One document matched: draft-roach-sipping-clf-syntax-01.xml
<?xml version="1.0" encoding="US-ASCII"?>
<!DOCTYPE rfc SYSTEM "rfc2629.dtd"[
<!ENTITY draft-gurbani-sipping-clf PUBLIC '' 'http://xml.resource.org/public/rfc/bibxml3/reference.I-D.draft-gurbani-sipping-clf-01.xml'>
]>
<?xml-stylesheet type='text/xsl' href='rfc2629.xslt' ?>
<?rfc toc="yes"?>
<?rfc compact="yes" ?>
<?rfc sortrefs="no" ?>
<?rfc symrefs="yes" ?>
<rfc ipr="trust200902">
<front>
<title>Binary Syntax for SIP Common Log Format</title>
<author fullname="Adam Roach" initials="A. B." surname="Roach">
<organization>Tekelec</organization>
<address>
<postal>
<street>17210 Campbell Rd.</street>
<street>Suite 250</street>
<city>Dallas</city>
<region>TX</region>
<code>75252</code>
<country>US</country>
</postal>
<email>adam@nostrum.com</email>
</address>
</author>
<date month="May" year="2009" />
<area>Real Time Applications and Infrastructure</area>
<abstract>
<t>
This document proposes a binary syntax for the SIP
common log format (CLF). It does not cover semantic issues,
and is meant to be evaluated in the context of the
other efforts discussing SIP CLF.
</t>
</abstract>
</front>
<middle>
<section title="Introduction">
<t>
The Common Log File (CLF) format for the Session Initiation
Protocol (SIP) <xref target="I-D.gurbani-sipping-clf"/>
proposes a syntax for logging SIP messages received and
sent by SIP clients, servers, and proxies.

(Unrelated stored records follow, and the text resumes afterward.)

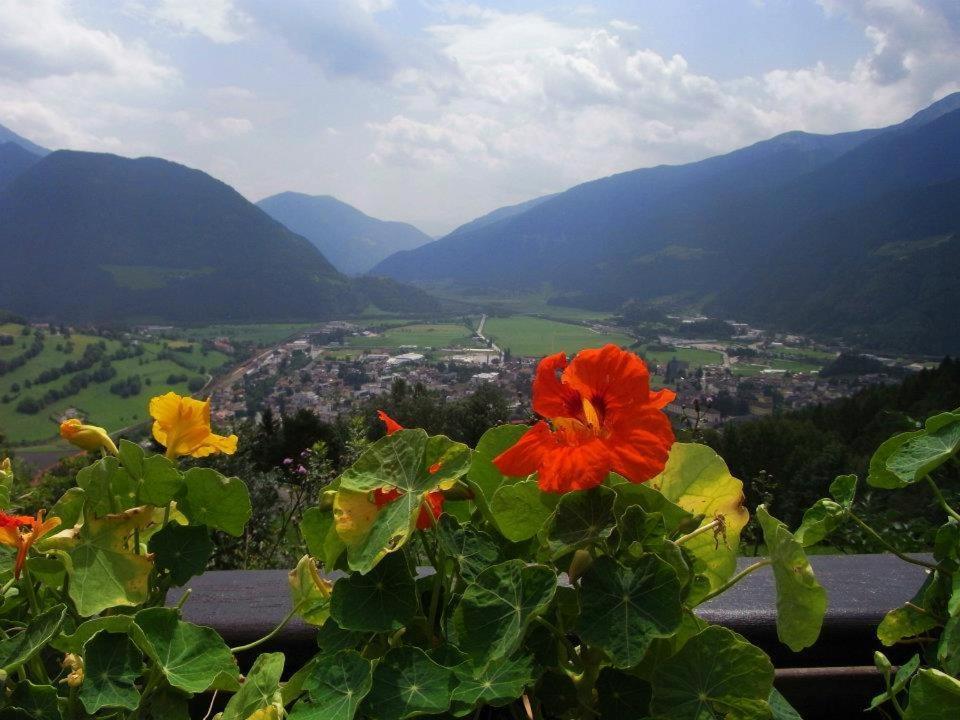 Alpenblick Bed & Breakfast 비피테노 외부 사진
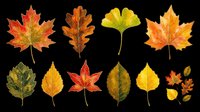 Autumn leaves collection isolated on transparent background, ready for t-shirt design, clipart, stickers, sublimation and print-on-demand projects.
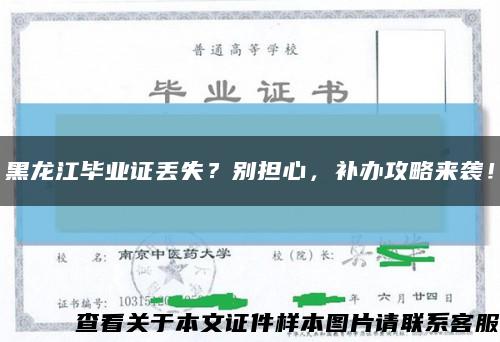 黑龙江毕业证丢失？别担心，补办攻略来袭！缩略图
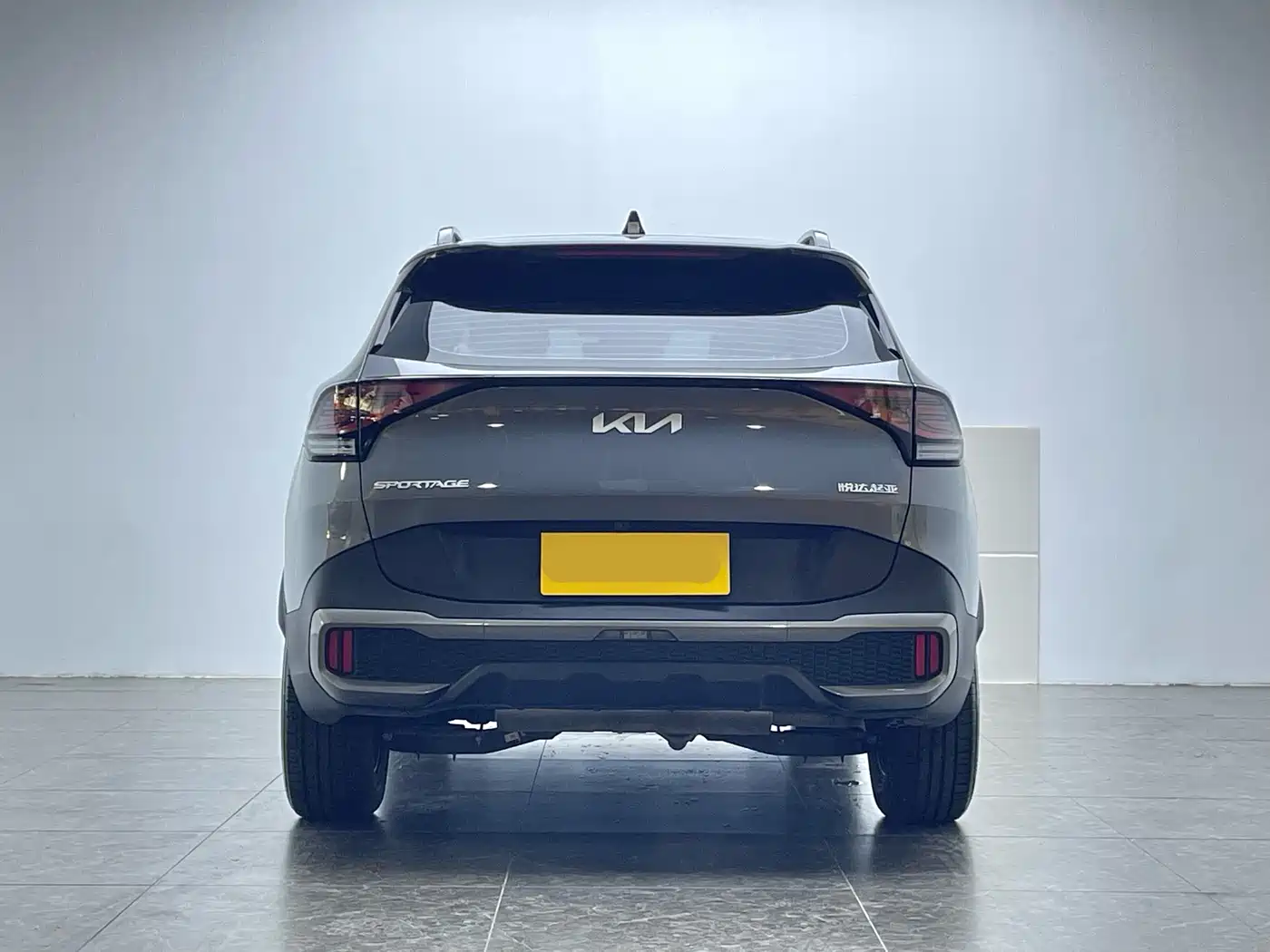 KIA LION PLATINUM EXPANDS THE WORLD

The syntax
proposed by that document has been inspired by the common
HTTP log format. However, experience with that format has
shown that dealing with large quantities of log data can
be very processor intensive, as doing so necessary requires
reading and parsing every byte in the log file(s) of interest.
</t>
<t>
This document counter-proposes a format that is no more
difficult to generate by logging entities, while being
radically faster to process. In particular, the format
is optimized for both rapidly scanning through log
records, as well as quickly locating commonly-accessed
data fields. Both operations can be performed in constant time
(as compared with O(n) time associated with the current format,
where n is the length of the log record).
</t>
<t>
Further, the format proposed by this document retains the
ability to be read by humans and processed using traditional
Unix text processing tools, such as sed, awk, perl, cut, and grep.
</t>
</section>
<section title="Format">
<t>
Each data record is encoded according to the following
format. Note that indications of "hexadecimal encoded"
indicate that the value is to be written out in human-readable
base-16 numbers using the ASCII characters 0x30 through 0x39
and 0x41 through 0x46 ('0' through '9' and 'A' through 'F').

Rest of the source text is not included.